Enterprise customers stand to benefit as well, particularly those with strict latency budgets or regulatory requirements around data locality. The disaggregated prefill architecture could also deliver better price-performance ratios by improving GPU utilization — a metric that remains notoriously low across the industry, with some estimates suggesting average GPU utilization rates below 30% in many deployments.

Looking Ahead: Cloudflare's AI Ambitions

Cloudflare's investment in custom AI infrastructure signals a long-term strategic commitment to becoming a major player in the AI inference market. The company's edge network — originally built for caching web content and mitigating DDoS attacks — is being systematically repurposed for AI workloads.
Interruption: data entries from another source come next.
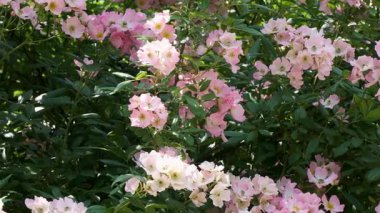 Renkli çiçekler hafif esintide sallanıyor, havayı tatlı bir kokuyla dolduruyor..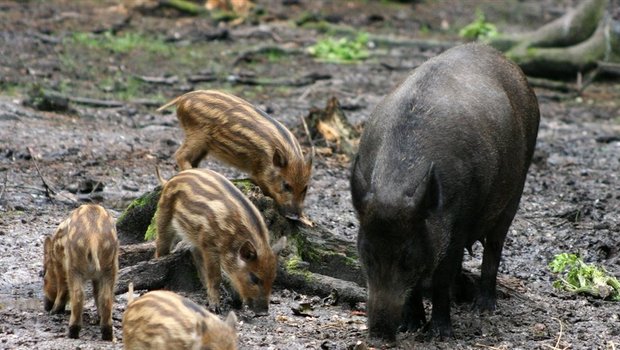 Die afrikanische Schweinepest kann sich über infizierte Wildschweine verbreiten. (Bild: BauZ)
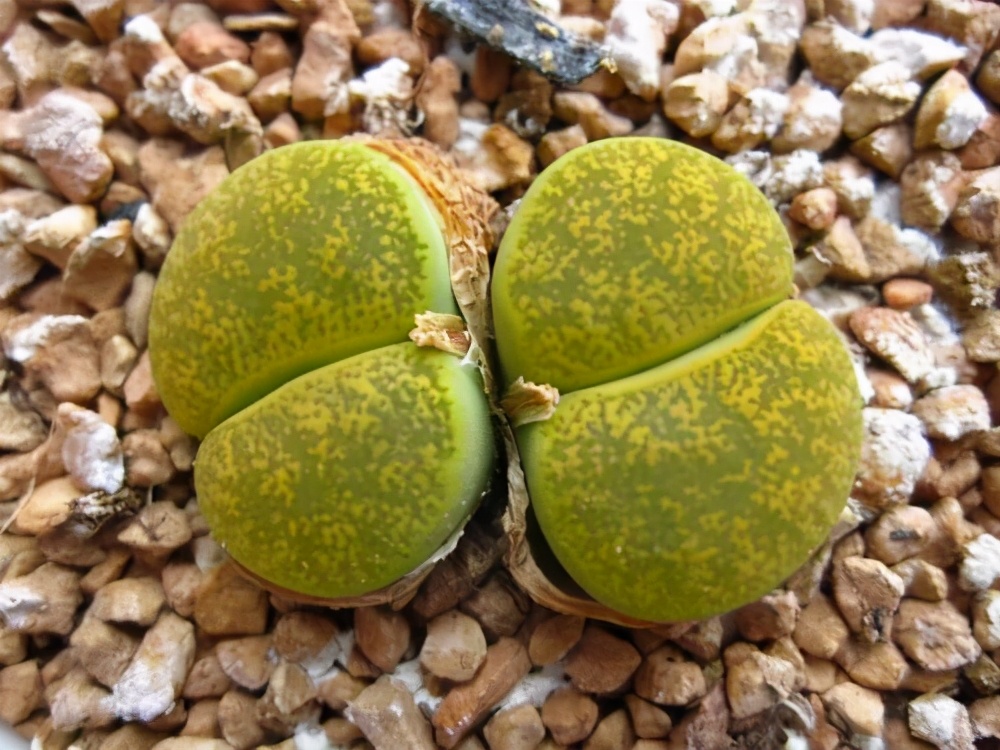 多肉容易养成老桩都有哪些品种,多肉老桩欣赏最新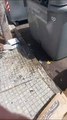 Tiran a dos cachorros a un contenedor de basura en Santa Cruz de Tenerife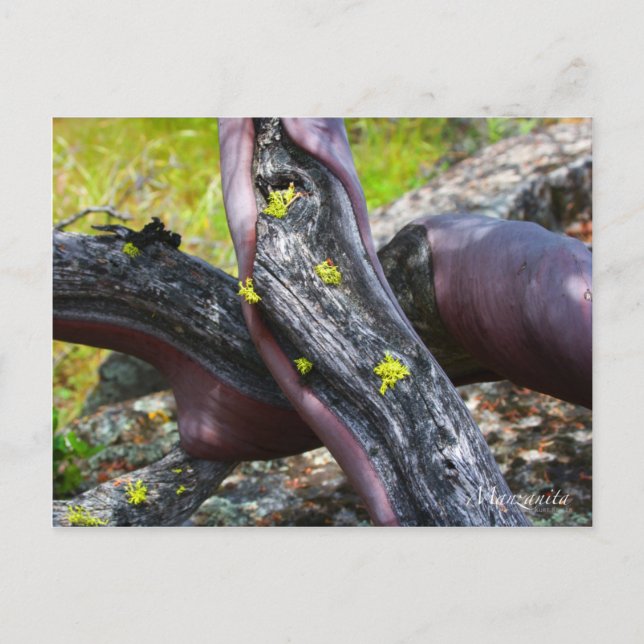 Cartão Postal Cartão-postal Manzanita (Frente)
Several questions remain about Cloudflare's roadmap. Will the company expand GPU capacity aggressively enough to compete with hyperscalers on model size support? How will Infire evolve to support emerging model architectures beyond traditional transformer-based LLMs? And can Cloudflare maintain competitive pricing as GPU demand continues to outstrip supply globally?

What is clear is that the AI inference landscape is diversifying beyond the traditional cloud providers. With Cloudflare bringing LLM inference to the edge, alongside similar moves by companies like Fastly and Akamai, developers will soon have a much broader set of options for deploying AI models in production. The winners in this space will be those who deliver the best combination of latency, cost efficiency, and developer experience — and Cloudflare's disaggregated architecture and custom Infire engine represent a serious bid for that position.